YOUR OBJECTIVE » Start the copy at the line holding "Thirtieth and Grand" and continue it exactly through the last line of the entries, leaving out pictures and anything else.
════════════════
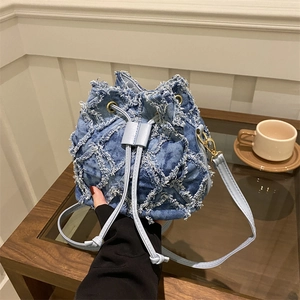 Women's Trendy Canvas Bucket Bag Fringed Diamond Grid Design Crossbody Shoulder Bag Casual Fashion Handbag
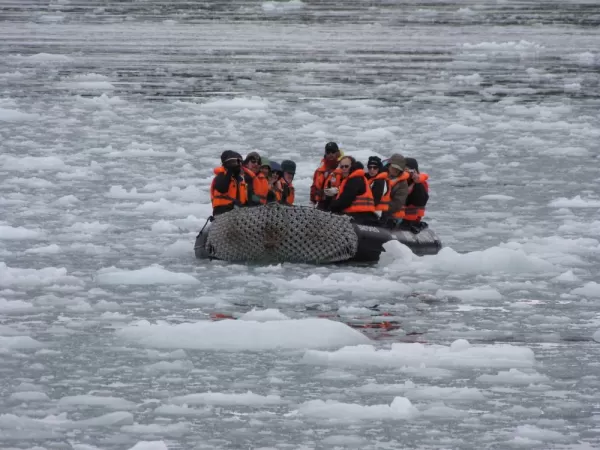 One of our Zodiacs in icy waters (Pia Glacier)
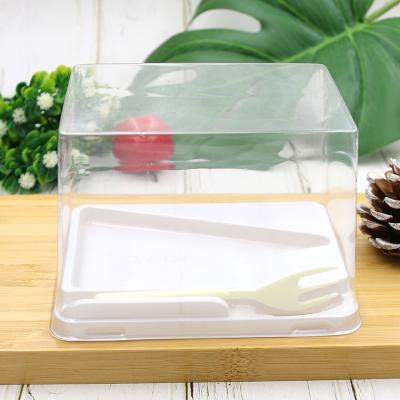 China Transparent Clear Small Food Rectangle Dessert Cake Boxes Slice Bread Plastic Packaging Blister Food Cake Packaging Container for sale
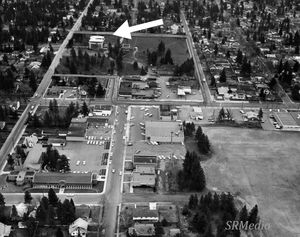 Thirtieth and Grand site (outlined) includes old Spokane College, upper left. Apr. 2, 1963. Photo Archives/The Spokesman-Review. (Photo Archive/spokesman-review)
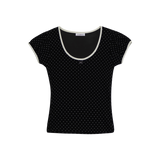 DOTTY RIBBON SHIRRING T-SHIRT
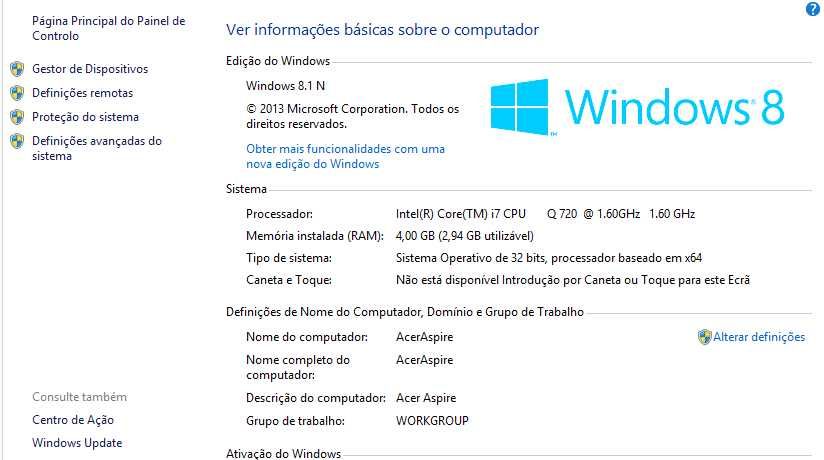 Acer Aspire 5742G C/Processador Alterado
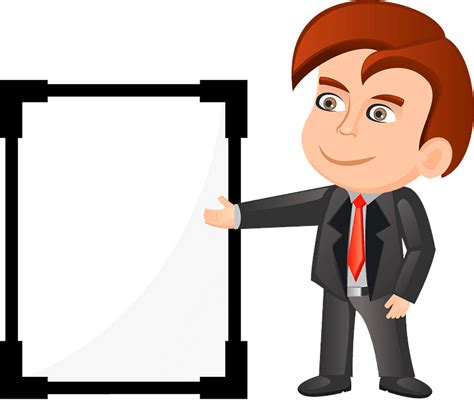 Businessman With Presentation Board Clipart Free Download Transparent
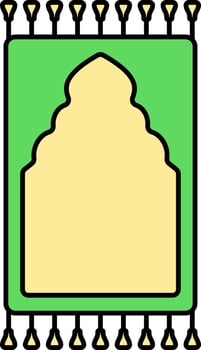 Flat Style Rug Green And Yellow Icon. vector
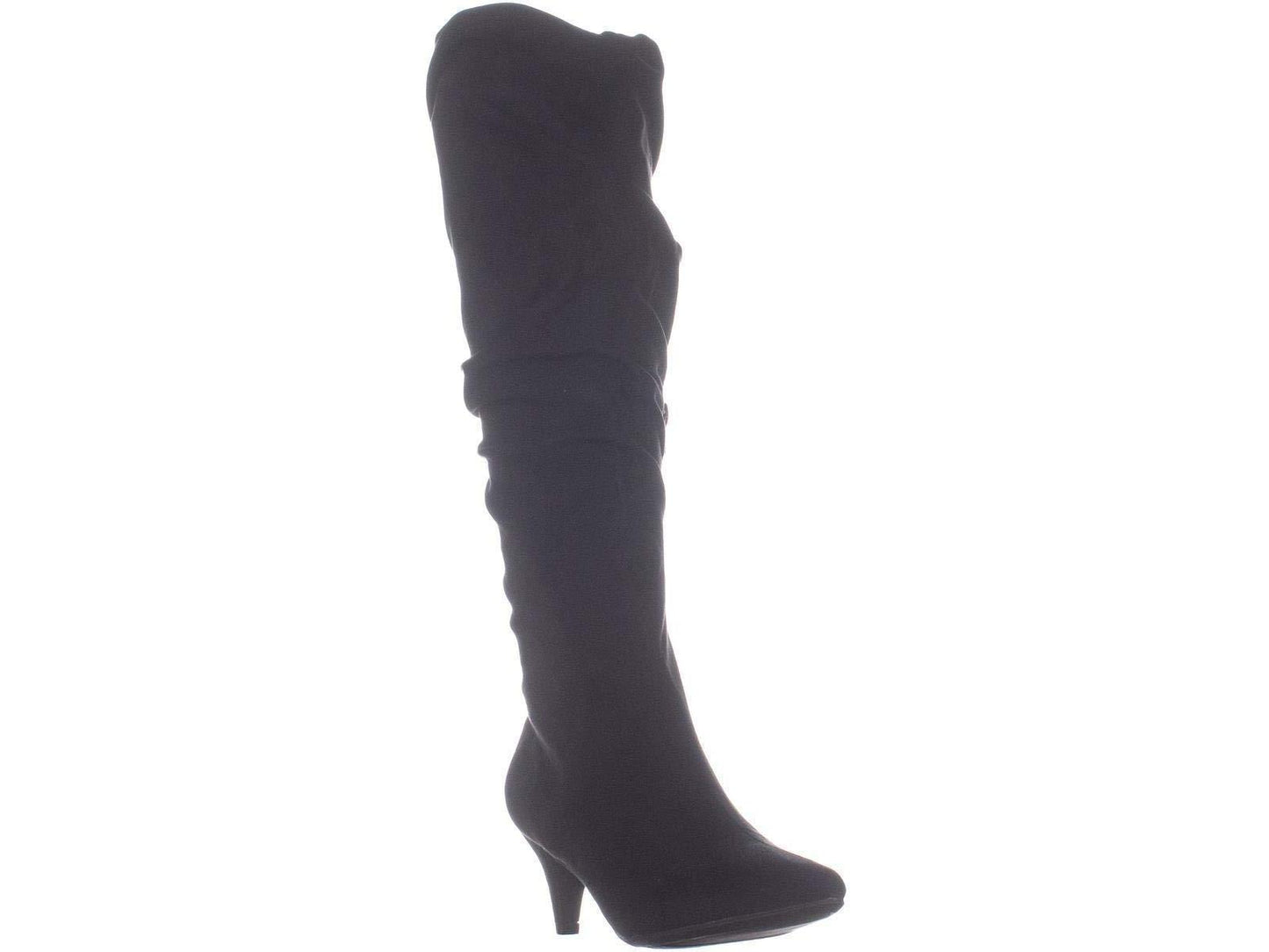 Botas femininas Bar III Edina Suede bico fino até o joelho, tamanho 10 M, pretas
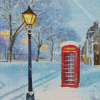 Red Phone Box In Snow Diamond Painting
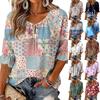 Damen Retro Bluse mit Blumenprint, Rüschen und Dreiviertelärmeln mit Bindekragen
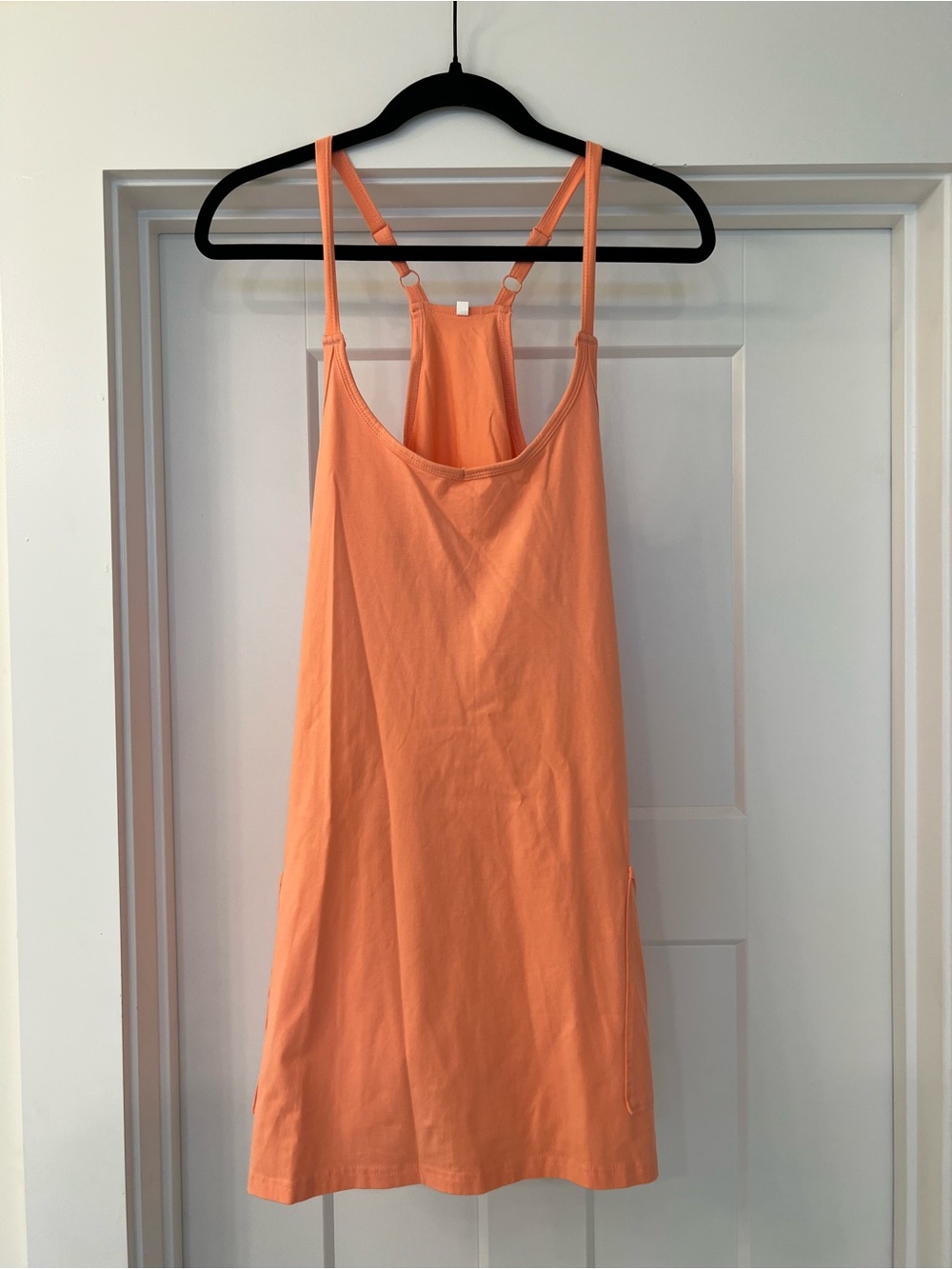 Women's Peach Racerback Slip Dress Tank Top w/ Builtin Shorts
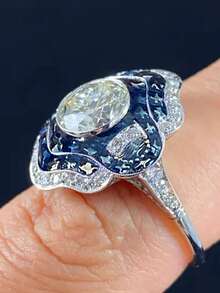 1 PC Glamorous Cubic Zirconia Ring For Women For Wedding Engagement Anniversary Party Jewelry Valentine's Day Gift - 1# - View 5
════════════════
ANSWER BELOW »
 Thirtieth and Grand site (outlined) includes old Spokane College, upper left. Apr. 2, 1963. Photo Archives/The Spokesman-Review. (Photo Archive/spokesman-review)
 DOTTY RIBBON SHIRRING T-SHIRT
 Acer Aspire 5742G C/Processador Alterado
 Businessman With Presentation Board Clipart Free Download Transparent
 Flat Style Rug Green And Yellow Icon. vector
 Botas femininas Bar III Edina Suede bico fino até o joelho, tamanho 10 M, pretas
 Red Phone Box In Snow Diamond Painting
 Damen Retro Bluse mit Blumenprint, Rüschen und Dreiviertelärmeln mit Bindekragen
 Women's Peach Racerback Slip Dress Tank Top w/ Builtin Shorts
 1 PC Glamorous Cubic Zirconia Ring For Women For Wedding Engagement Anniversary Party Jewelry Valentine's Day Gift - 1# - View 5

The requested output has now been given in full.